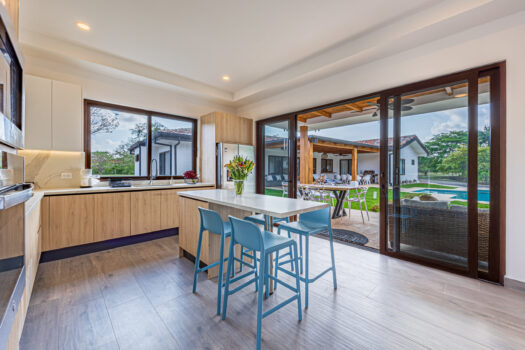 STUNNING 6 BEDROOMS VILLA IN PRESTIGIOUS HACIENDA PINILLA GATED COMMUNITY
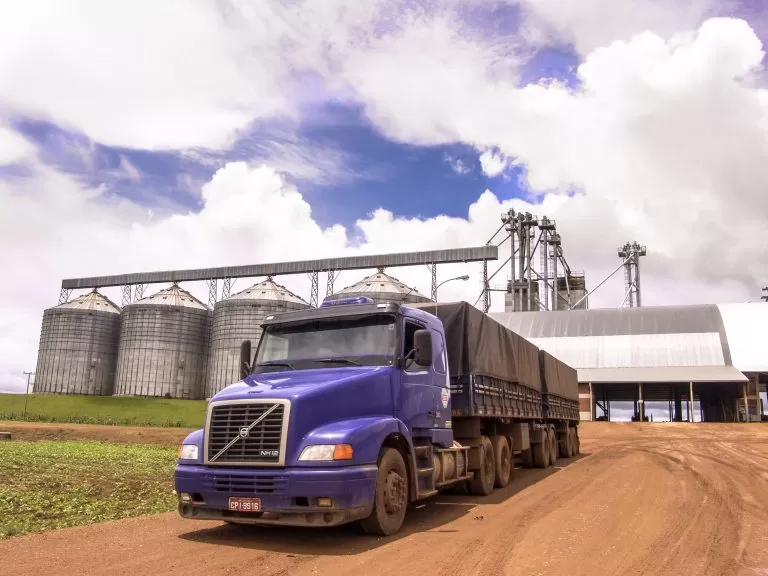 Lei flexibiliza credenciamento de armazéns agropecuários no sistema público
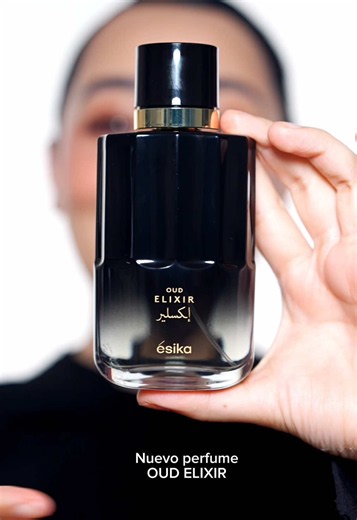 Si quieres oler a lujo… guarda este video. 🤎✨ Oud Elixir combina notas de oud, artemisa y azafrán en un aroma intenso que deja huella por horas. ¿Lo probarías? #perfumetok #fragrancetok #arabicperfume #oud #perfumelover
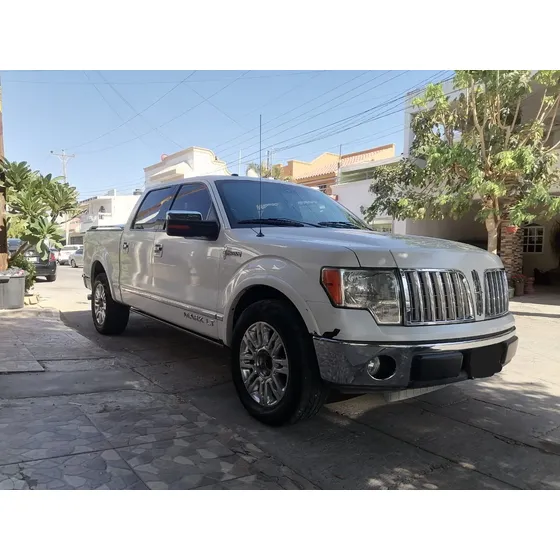 Lincoln Mark Lt Pick Up 4x2 At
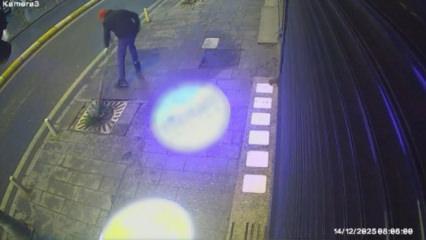 Kağıthane&rsquo;de direkleri tekmeleyip ağa&ccedil;lara zarar verdiği anlar kamerada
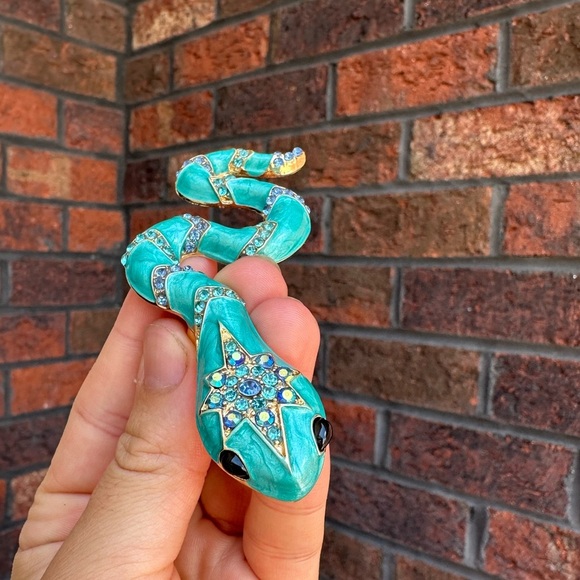 Serpenti Turquoise Crystal Snake Brooch - Picture 8 of 9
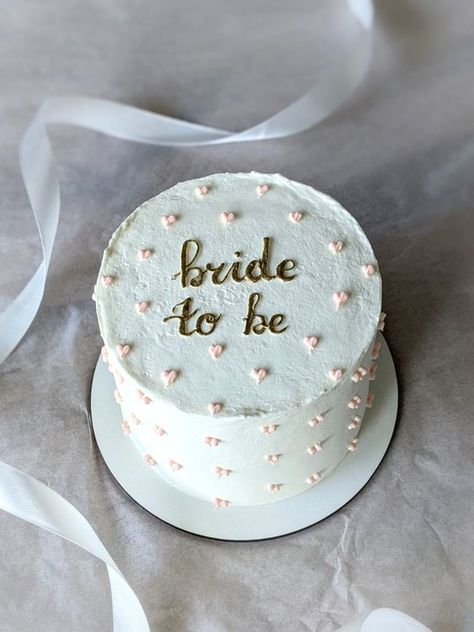 #bride to be cake Bride To Be Cakes Ideas, Bachlorette Cakes, Bride To Be Cake, Hen Party Cakes, Bride To Be Decorations, Bachelorette Cake, Decoration For Party, Bridal Shower Inspo, Simple Bridal Shower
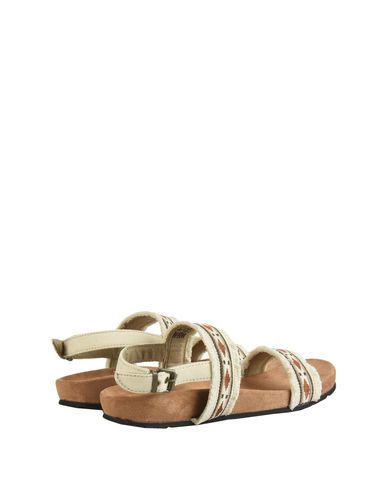 minnetonka sandals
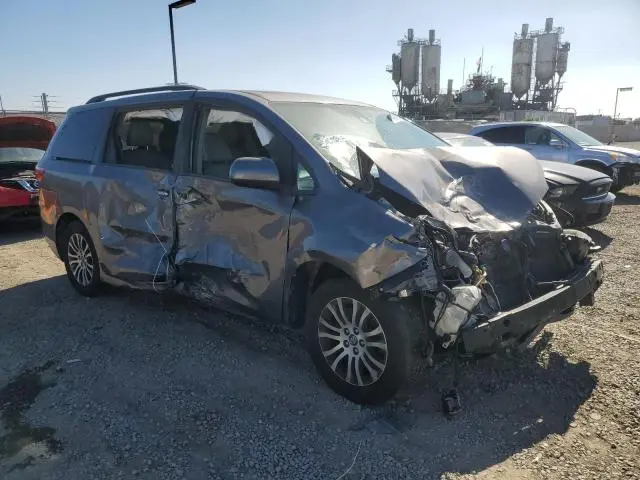 2018 TOYOTA SIENNA XLE  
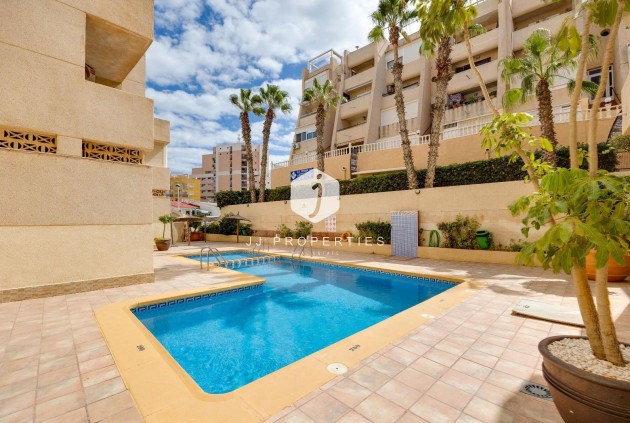 Tweedehands - Appartement / flat -
Torrevieja - Cabo cervera
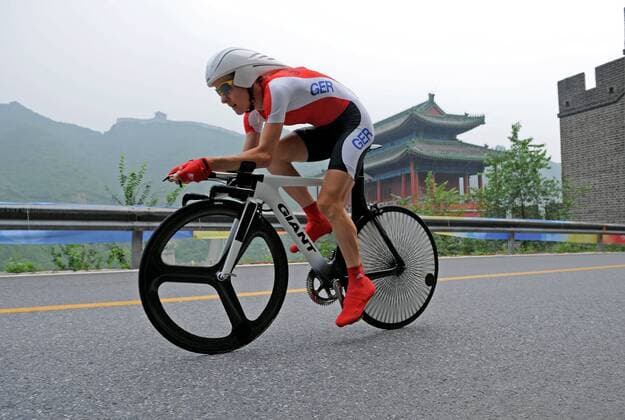 Judith Arndt (Deutschland) Radsport OS Sommer Damen Olympische Spiele Peking 2008, Sommerspiele, Straßenradsport, Straße, Rad, Nationaltrikot, Einzelbild Zeitfahren, Einzelzeitfahren Peking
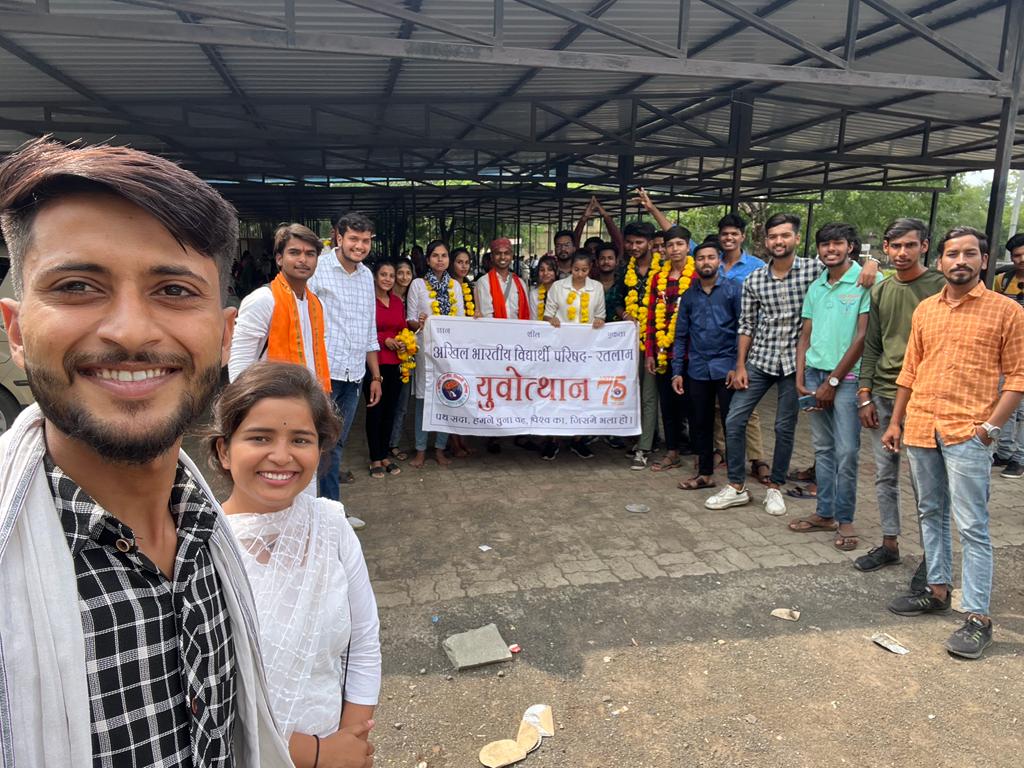 pavanpa86199627's tweet photo. आज अखिल भारतीय विद्यार्थी परिषद रतलाम जिले की #selfiewith cempush यूनिट आभियान के निमित शासकीय विज्ञान एवम कला महाविधालय की नवीन कार्यकारणी की घोषणा हुई जिसमें कॉलेज इकाई अध्यक्ष पंकज जी पाटीदार व कॉलेज मंत्री रौनक बिलगैया को बनाया गया। @nidhitripathi92 https://t.co/eZbvmMamYN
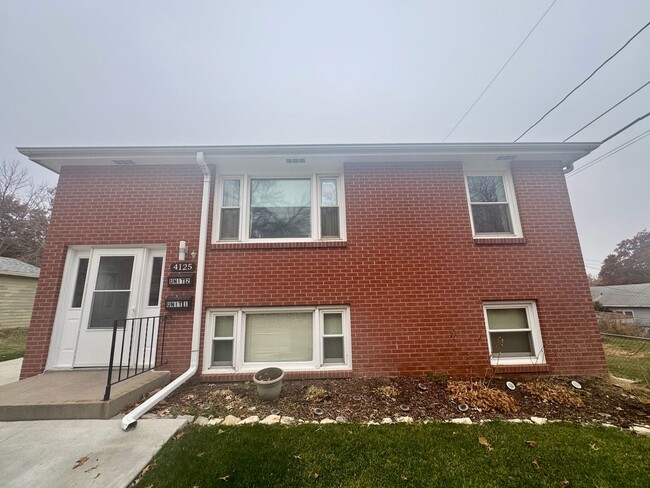 Primary Photo - 4125 L St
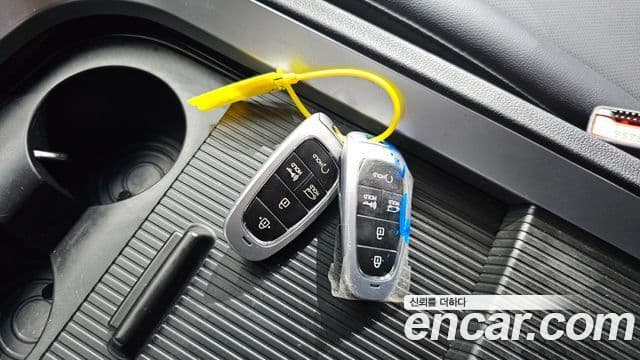 Hyundai Staria 2023 — ფოტო 15/20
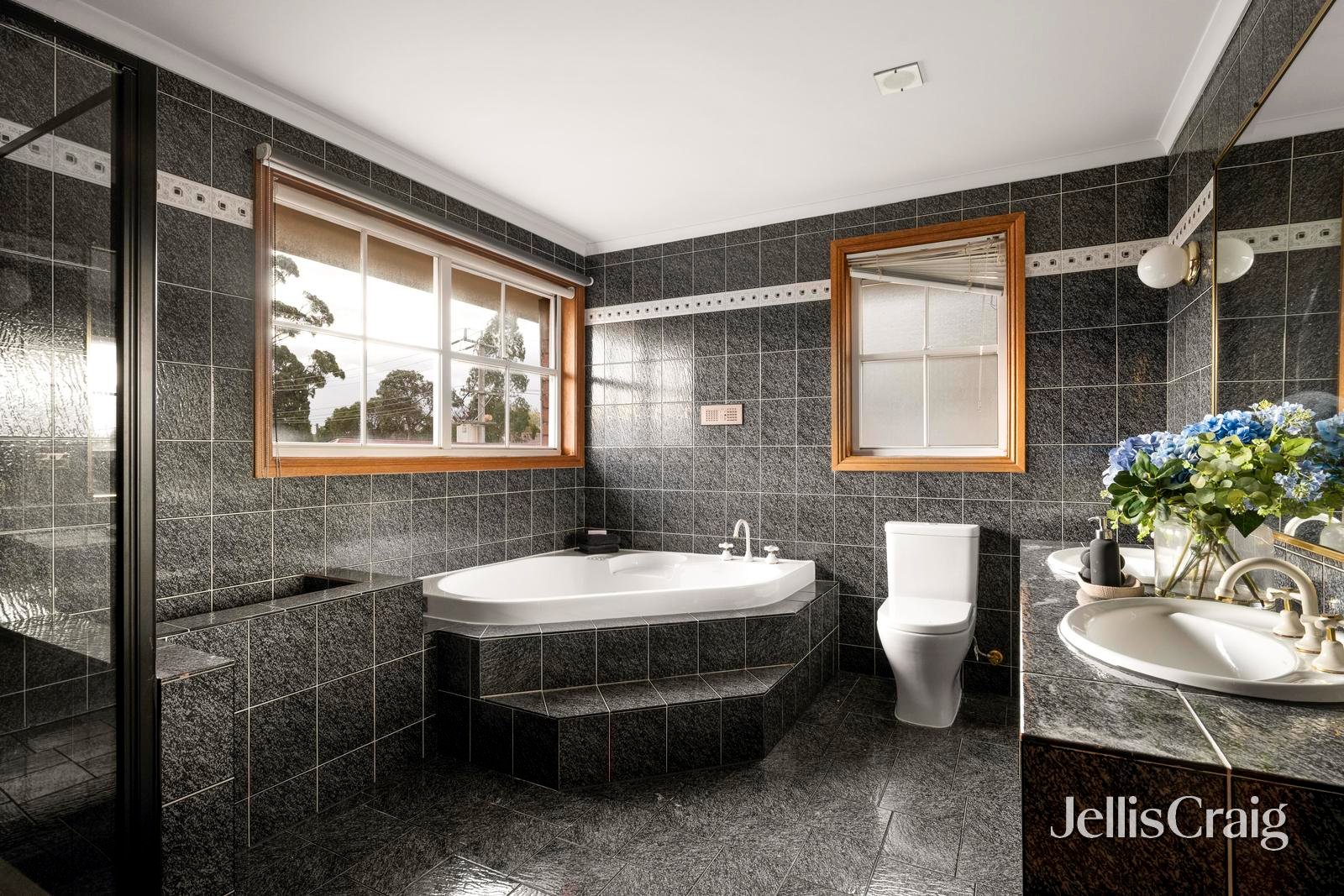 29 Glencairn Avenue, Coburg image 12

□ □ □ □ □

PROBLEM ▸ Beginning at the line that contains "Primary Photo - 4125 L St" and ending at the last line of the data, return each line exactly; no picture belongs in the copy.

SOLUTION TO THIS PROBLEM ▸
 Primary Photo - 4125 L St
 Hyundai Staria 2023 — ფოტო 15/20
 29 Glencairn Avenue, Coburg image 12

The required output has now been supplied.